Down to 14 mg nicotine patch, day three now. Increased depression, paranoia,.anxiety but not making it worse, knowing this is what happens when I go off cigs the nicotine. Unfortunately the world and it's people seem to be in a very hostile tense place so may not just be my withdrawal. I will continue being kind and protecting myself, only thing I can do.

3 protein bars
Hamburg fries
Chicken nuggets
 
So much for my lofty goals of learning to be happy, now I am back to surviving the winter. Don't know what is going on scary depression, like I have not had in years, bordering on psychotic, things looking weird, smells being strong, food gross. It may be just I have gotten rid of all my distractions, messed up situations with relationship, food, work, cigs. Maybe it is all ok, this is the baseline reality, when I dont have something pulling me out of it.
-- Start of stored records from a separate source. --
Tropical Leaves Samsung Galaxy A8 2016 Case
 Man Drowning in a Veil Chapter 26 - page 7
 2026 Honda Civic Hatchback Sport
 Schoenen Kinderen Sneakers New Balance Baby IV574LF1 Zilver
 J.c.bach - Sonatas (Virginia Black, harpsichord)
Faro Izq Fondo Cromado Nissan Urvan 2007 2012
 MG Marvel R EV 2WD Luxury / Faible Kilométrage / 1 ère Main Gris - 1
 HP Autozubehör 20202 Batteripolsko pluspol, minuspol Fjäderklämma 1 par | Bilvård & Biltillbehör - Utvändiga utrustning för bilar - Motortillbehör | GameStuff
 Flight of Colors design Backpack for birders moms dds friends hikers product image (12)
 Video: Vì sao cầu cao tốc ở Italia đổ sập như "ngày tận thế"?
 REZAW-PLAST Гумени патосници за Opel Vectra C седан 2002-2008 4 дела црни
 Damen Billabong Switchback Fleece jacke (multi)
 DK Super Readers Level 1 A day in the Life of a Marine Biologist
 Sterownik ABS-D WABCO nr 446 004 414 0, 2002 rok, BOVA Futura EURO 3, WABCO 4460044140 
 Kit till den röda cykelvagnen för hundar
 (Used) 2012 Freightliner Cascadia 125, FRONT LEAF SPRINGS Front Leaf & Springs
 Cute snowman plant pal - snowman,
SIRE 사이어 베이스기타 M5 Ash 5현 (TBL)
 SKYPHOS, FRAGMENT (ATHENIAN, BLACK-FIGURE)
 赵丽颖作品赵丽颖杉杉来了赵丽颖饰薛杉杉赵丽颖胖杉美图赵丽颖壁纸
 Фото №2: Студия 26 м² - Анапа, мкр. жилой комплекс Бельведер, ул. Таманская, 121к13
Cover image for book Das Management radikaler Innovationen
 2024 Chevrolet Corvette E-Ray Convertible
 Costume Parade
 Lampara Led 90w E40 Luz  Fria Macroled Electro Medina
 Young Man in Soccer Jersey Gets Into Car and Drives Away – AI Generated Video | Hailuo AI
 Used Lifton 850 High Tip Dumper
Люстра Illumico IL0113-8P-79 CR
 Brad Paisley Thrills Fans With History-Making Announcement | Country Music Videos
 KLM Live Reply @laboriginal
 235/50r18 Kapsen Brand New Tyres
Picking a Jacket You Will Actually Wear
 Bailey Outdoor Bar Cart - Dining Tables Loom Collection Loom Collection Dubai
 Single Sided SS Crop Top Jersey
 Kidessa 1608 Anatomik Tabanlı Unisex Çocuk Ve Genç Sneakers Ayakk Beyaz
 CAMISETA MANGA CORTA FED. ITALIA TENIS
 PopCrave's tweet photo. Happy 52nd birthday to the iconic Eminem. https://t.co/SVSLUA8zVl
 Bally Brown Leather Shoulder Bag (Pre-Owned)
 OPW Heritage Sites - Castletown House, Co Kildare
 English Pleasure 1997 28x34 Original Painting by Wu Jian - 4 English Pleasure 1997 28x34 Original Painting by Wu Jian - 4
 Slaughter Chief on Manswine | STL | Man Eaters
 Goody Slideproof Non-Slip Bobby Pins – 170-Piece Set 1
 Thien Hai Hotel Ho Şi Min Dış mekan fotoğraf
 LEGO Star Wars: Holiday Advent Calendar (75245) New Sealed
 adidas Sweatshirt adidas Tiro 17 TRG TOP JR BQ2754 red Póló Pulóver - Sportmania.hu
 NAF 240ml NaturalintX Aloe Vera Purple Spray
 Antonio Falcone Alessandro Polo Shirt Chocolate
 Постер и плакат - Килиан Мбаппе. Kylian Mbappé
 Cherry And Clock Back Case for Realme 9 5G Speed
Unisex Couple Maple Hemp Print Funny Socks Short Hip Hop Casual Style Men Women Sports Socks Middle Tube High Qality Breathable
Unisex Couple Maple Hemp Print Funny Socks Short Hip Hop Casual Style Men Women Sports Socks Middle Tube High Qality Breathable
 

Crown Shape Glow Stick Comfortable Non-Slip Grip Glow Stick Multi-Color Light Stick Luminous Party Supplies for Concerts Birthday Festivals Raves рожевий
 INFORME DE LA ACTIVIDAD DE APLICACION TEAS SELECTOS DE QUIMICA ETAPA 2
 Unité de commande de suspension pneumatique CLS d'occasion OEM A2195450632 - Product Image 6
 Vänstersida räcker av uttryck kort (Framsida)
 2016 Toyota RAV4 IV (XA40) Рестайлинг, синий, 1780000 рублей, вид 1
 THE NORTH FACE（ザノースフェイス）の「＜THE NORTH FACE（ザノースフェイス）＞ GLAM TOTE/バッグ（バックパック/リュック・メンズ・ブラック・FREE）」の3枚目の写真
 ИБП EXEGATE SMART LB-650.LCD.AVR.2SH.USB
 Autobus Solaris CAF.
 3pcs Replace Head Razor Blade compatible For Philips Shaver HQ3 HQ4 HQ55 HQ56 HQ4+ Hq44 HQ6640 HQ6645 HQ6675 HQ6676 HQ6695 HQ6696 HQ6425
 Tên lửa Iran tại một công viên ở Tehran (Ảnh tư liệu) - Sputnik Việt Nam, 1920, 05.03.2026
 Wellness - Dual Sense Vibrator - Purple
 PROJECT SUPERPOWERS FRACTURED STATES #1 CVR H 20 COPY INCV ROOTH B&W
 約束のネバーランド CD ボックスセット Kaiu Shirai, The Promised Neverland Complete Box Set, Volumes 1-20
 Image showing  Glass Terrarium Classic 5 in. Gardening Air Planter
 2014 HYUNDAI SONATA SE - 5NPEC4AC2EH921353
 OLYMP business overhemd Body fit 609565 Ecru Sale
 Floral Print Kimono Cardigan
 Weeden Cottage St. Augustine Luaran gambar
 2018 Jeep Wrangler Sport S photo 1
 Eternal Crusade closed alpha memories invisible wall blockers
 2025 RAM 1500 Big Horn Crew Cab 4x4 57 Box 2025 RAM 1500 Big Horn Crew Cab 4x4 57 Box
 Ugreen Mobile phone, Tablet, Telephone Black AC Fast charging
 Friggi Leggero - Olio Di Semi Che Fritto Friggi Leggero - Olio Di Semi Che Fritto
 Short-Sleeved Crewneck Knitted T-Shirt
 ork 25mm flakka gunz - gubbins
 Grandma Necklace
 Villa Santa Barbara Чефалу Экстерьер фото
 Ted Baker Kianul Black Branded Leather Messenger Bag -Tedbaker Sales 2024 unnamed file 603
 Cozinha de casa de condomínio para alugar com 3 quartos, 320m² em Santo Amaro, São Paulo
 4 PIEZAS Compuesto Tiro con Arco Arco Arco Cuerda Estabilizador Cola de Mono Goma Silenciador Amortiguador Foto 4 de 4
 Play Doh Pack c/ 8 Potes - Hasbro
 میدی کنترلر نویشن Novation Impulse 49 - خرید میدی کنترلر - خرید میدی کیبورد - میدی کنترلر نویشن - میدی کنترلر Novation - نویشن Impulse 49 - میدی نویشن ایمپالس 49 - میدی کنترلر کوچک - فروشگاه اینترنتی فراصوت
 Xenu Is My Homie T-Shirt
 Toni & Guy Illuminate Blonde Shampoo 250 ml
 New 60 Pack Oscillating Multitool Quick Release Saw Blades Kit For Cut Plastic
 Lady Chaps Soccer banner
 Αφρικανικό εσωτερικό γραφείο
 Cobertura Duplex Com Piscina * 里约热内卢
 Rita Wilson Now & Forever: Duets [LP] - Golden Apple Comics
Tried without meds because they were causing stomach issues after thirty years on them.
 
I so hope you can get those spots looked at. I have one, too. I am putting off going to the dr. to see what it does next. Even though I'm part Indian and Italian I got the Irish skin in the family and it really sucks. Sounds like you have that fair skin, too. I hope you are wearing the highest sunblock all the time, especially given where you are. I know it's a pain, but so is getting spots removed. :-)
 
Good! No, I haven't. My Irish grandma had several removed, though. (Her mother came here from Ireland in about 1910.) I have several moles I keep an eye on. I've got this thing on my arm. I thought it was a bug bite. A couple months ago, it scabbed up, then appeared to heal. Then it scabbed up again a couple weeks ago and now it's gone again. I don't know what's up with that.

Anyway, I will be sending good thoughts (and prayers if that's okay) for you on Tuesday.